• _What is required_
Transcribe exactly the line containing "this 870×577 image." and every line after it, through the end of the records below.

• _Records for the task_

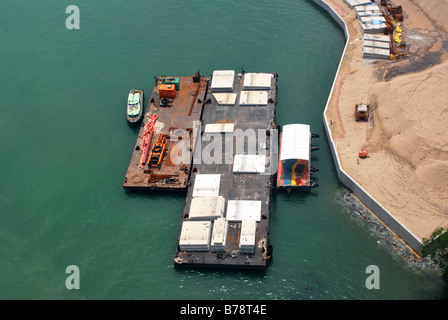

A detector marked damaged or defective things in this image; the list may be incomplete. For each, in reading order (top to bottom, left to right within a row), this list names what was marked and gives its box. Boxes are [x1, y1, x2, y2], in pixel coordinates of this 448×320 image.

rusty barge deck [121, 74, 207, 191]
rusty barge deck [174, 70, 276, 270]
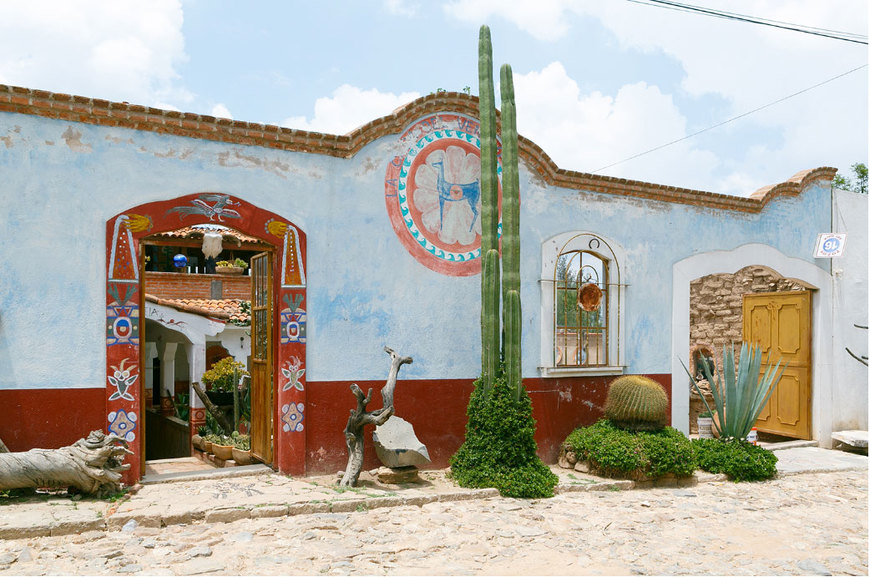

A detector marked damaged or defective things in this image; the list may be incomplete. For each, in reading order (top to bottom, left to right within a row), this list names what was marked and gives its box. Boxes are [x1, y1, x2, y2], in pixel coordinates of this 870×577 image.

peeling plaster wall [0, 110, 832, 394]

• _Answer area_
A detector marked damaged or defective things in this image; the list may be incomplete. For each, in reading order (top to bottom, left to right within a row), this list names what was marked and gives its box. Boxes are [x1, y1, x2, y2], in pixel coordinates of this 870×577 image.

peeling plaster wall [0, 110, 832, 394]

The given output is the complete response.